Di Germano Longo
Il conteggio, ancora parziale, parla ormai di 32 class action presentate nei soli Stati Uniti contro Apple, il colosso informatico di Cupertino, accusato di aver deliberatamente rallentato gli iPhone e convincere i possessori ad acquistare i modelli nuovi. E questo senza contare le denunce singole, come quella di Violetta Mailyan, che sentendosi fregata ha richiesto mille miliardi di dollari di risarcimento e quello di Raisa Drantivy, che ha scelto di fermarsi a 100 milioni.Le ultime due class-action arrivano da San Jose, contea di Santa Clara, California, ma già un’altra è pronta al via, questa volta dalla Corea del Sud, dove secondo l’associazione dei consumatori “Citizens United for Consumer Sovereignty”, sta per essere depositata la causa collettiva di un centinaio di clienti, pronti a chiedere 1.700 euro a testa di risarcimento.
A tutto questo, va aggiunta l’indagine della procura della Repubblica di Nanterre, che ha aperto un fascicolo d’inchiesta per verificare se esistono gli estremi della truffa.

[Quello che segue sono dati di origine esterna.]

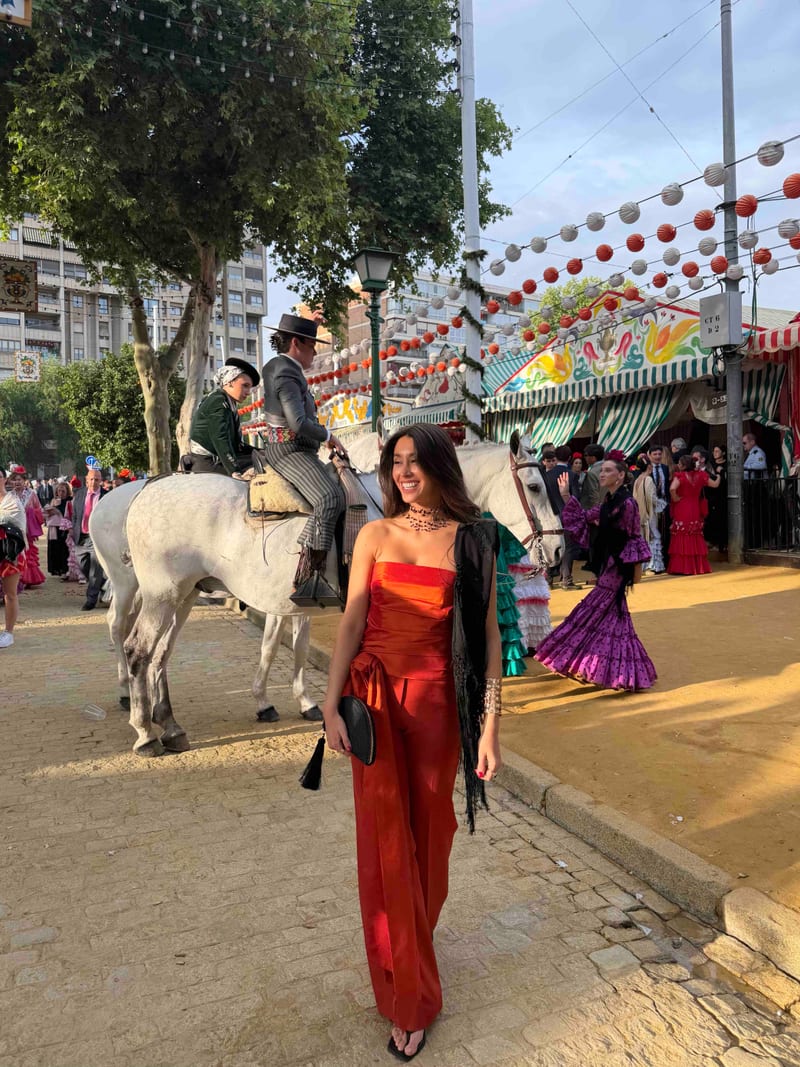 Alquilar Conjunto rojo teja de top y pantalón de Redondo Brand - vestido de invitada para bodas, comunión, bautizo o graduación en Jointy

Un’indagine resa necessaria dalla denuncia di un’associazione dello scorso dicembre, che accusava Apple di diminuire in modo volontario la durata dei propri smartphone, appellandosi ad una legge francese che in casi simili prevede fino a due anni di carcere e 300 mila euro di multa.
Apple, per la verità, ha tentato di smorzare la polemica sul nascere, negando le accuse di “obsolescenza programmata” con una lettera, dopo una mezza ammissione di colpa e una campagna di parziale risarcimento in cui ha offerto di sostituire le vecchie batterie a prezzi stracciati, oltre a rendere disponibile un aggiornamento specifico di iOS per controllare lo stato di salute delle proprie batterie.
L’importante, per l’azienda guidata da Tim Cook, salvaguardare il futuro dell’iPhone, in assoluto il prodotto più venduto di Apple, nel solo 2017 venduto in 223 milioni di esemplari in tutto il mondo.